W różnych sytuacjach, w których nie możesz sobie pozwolić na natychmiastowe zaspokojenie głodu nikotynowego, odczuwasz nie tyle ból fizyczny, co specyficzny rodzaj niepokoju, mówiacy, że "czegos ci brakuje".
To coś siedzi w towoej głowie i woła o następnego papierosa. Nazwij to jak chcesz. Czujesz, że coś tam siedzi i co jakiś czas przypomina o sobie. Palac paczkę dziennie (20 papierosów), przymus sięgnięcia po kolejnego papierosa czułam już mniej więcej po około pół godz. od zapalenia poprzedniego.
Spirala uzależnienia właśnie tak działa - zaspokojenie uczucia głodu nigdy nie jest wystarczajace i całkowite. Opiera się tylko i wyłacznie na doraźnym zaspokojeniu potrzeby zapalenia. Każdy palacy zdaje sobie sprawę, że za 10 minut, za pół godziny, za godzinę ten głód powróci.

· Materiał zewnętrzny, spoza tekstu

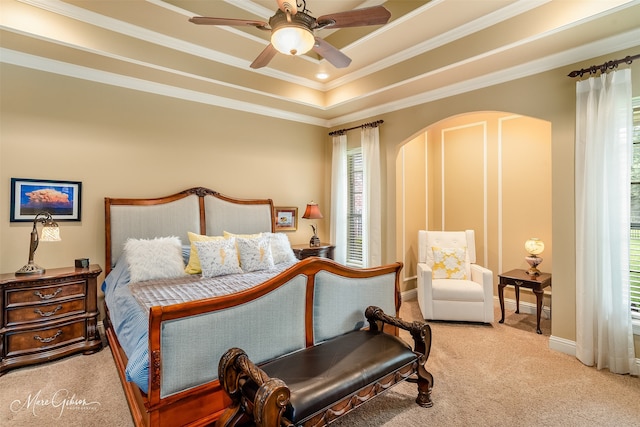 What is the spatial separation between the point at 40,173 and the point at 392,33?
394 centimetres

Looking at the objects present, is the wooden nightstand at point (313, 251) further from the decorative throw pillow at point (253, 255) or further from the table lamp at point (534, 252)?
the table lamp at point (534, 252)

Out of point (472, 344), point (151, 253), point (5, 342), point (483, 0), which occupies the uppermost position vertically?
point (483, 0)

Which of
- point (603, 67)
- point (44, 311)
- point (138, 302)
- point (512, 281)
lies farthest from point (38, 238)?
point (603, 67)

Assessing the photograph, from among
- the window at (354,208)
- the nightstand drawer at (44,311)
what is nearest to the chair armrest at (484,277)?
the window at (354,208)

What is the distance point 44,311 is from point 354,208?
4000mm

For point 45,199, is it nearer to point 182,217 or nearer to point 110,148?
point 110,148

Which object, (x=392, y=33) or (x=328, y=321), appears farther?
(x=392, y=33)

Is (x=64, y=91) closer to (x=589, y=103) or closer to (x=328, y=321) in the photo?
(x=328, y=321)

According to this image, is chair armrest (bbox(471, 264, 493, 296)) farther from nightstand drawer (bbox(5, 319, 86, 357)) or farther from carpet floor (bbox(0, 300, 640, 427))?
nightstand drawer (bbox(5, 319, 86, 357))

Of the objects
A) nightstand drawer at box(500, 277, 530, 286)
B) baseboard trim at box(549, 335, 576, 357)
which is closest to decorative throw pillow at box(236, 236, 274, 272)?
nightstand drawer at box(500, 277, 530, 286)

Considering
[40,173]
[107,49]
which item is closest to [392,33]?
[107,49]

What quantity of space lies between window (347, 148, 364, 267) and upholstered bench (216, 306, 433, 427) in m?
2.75

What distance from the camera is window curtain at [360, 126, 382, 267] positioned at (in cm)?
459

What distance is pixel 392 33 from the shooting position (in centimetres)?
329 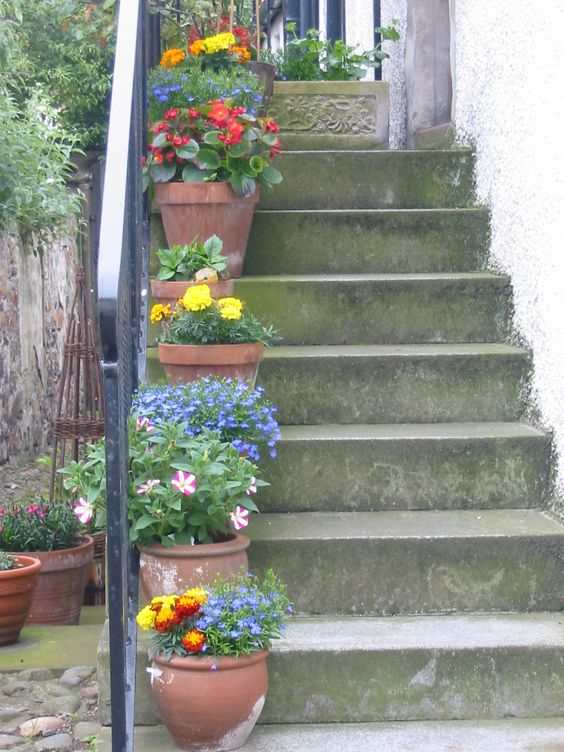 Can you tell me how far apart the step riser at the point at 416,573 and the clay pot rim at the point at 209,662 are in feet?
1.63

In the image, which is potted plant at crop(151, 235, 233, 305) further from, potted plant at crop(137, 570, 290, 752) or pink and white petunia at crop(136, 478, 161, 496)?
potted plant at crop(137, 570, 290, 752)

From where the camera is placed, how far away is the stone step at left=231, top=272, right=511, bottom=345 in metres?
3.49

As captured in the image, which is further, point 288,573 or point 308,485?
point 308,485

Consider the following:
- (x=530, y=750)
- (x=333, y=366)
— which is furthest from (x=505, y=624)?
Answer: (x=333, y=366)

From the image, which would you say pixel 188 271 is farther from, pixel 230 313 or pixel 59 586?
pixel 59 586

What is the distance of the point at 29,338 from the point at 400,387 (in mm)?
5473

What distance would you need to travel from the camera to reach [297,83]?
15.3 feet

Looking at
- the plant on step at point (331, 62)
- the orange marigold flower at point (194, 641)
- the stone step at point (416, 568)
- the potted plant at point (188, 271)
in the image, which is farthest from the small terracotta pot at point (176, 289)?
the plant on step at point (331, 62)

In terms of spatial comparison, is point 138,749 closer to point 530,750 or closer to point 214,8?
point 530,750

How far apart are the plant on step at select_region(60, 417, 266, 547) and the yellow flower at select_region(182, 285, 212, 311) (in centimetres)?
46

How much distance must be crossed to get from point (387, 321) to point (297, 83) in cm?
160

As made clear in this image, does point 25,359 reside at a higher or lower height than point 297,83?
lower

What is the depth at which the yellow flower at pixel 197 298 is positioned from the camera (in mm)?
2941

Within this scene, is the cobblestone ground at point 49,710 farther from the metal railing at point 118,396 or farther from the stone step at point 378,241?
the stone step at point 378,241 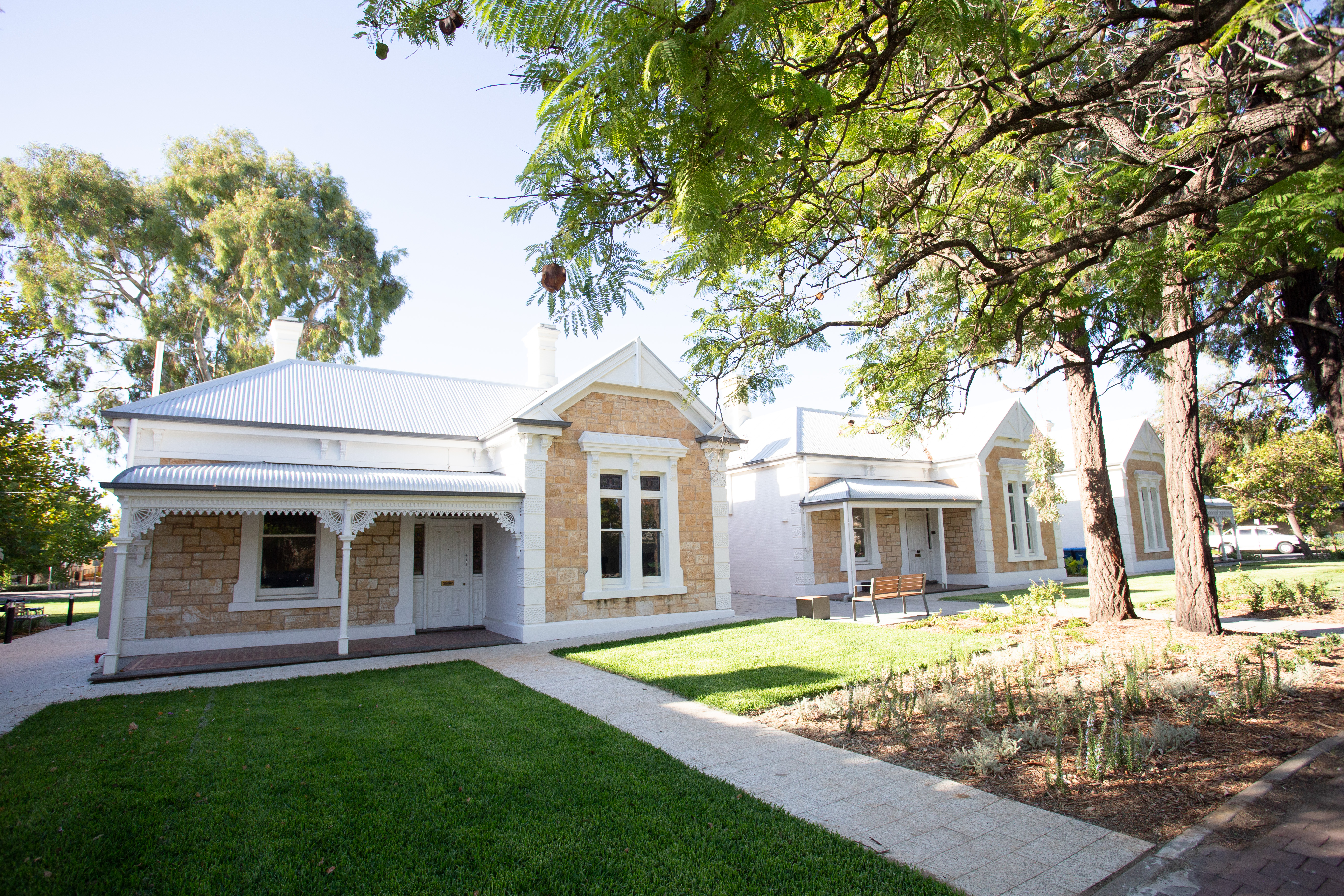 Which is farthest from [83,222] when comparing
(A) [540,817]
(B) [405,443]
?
(A) [540,817]

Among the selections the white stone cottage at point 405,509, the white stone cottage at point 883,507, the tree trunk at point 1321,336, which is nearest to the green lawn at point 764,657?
the white stone cottage at point 405,509

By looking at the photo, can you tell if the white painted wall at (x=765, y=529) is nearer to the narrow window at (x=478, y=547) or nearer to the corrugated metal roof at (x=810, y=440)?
the corrugated metal roof at (x=810, y=440)

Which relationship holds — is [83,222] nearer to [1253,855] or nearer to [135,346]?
[135,346]

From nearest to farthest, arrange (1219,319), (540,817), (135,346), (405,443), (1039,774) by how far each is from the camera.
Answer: (540,817), (1039,774), (1219,319), (405,443), (135,346)

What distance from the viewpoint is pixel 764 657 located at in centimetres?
945

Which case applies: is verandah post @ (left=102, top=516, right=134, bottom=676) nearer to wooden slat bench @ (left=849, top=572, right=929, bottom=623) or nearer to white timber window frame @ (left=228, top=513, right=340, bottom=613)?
white timber window frame @ (left=228, top=513, right=340, bottom=613)

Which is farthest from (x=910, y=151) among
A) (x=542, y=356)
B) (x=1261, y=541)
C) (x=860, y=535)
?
(x=1261, y=541)

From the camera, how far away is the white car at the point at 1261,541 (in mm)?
35469

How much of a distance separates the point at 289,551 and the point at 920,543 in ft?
58.2

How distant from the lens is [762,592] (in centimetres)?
1917

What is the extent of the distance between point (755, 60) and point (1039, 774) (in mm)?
5033

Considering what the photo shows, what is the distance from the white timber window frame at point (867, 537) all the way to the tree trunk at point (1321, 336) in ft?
37.6

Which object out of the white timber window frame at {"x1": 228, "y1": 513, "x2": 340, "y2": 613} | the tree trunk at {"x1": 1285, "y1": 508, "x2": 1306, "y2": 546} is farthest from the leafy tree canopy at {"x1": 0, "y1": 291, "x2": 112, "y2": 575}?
the tree trunk at {"x1": 1285, "y1": 508, "x2": 1306, "y2": 546}

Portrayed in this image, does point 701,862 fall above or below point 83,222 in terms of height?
below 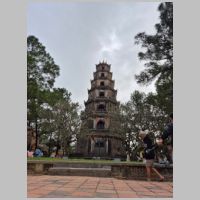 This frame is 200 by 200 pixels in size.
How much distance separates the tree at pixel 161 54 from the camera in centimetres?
1243

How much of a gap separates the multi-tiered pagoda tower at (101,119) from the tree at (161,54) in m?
17.1

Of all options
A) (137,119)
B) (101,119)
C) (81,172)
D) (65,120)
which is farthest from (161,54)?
(101,119)

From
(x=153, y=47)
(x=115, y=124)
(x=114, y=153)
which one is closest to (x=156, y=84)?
(x=153, y=47)

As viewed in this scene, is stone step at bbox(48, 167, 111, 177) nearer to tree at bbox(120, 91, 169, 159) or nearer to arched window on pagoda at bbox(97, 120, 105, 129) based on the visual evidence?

Logicznie rozumujac, jeśli twoje uzależnienie ma charakter psychiczny, emocjonalny to jesteś w stanie przejać kontrolę nad swoimi emocjami, a tym samym w dalszej perspektywie uwolnić się skutecznie od papierosów.
Na podstawie swoich doświadczeń z rzucaniem palenia, powracaniem do niego i wielu podejmowanych prób, mogę stwierdzić, że jedynie zmiana sposobu myślenia, zmiana przekonań na temat tej aktywności oraz uświadomienie sobie kilku rzeczy doprowadziło mnie do punktu, w którym już nie potrzebowałam papierosów.
Po co szukać czegoś na zewnatrz, co "uwolni cię" od nałogu, podczas gdy wszystko, czego potrzebujesz, by z nim zerwać jest już w tobie?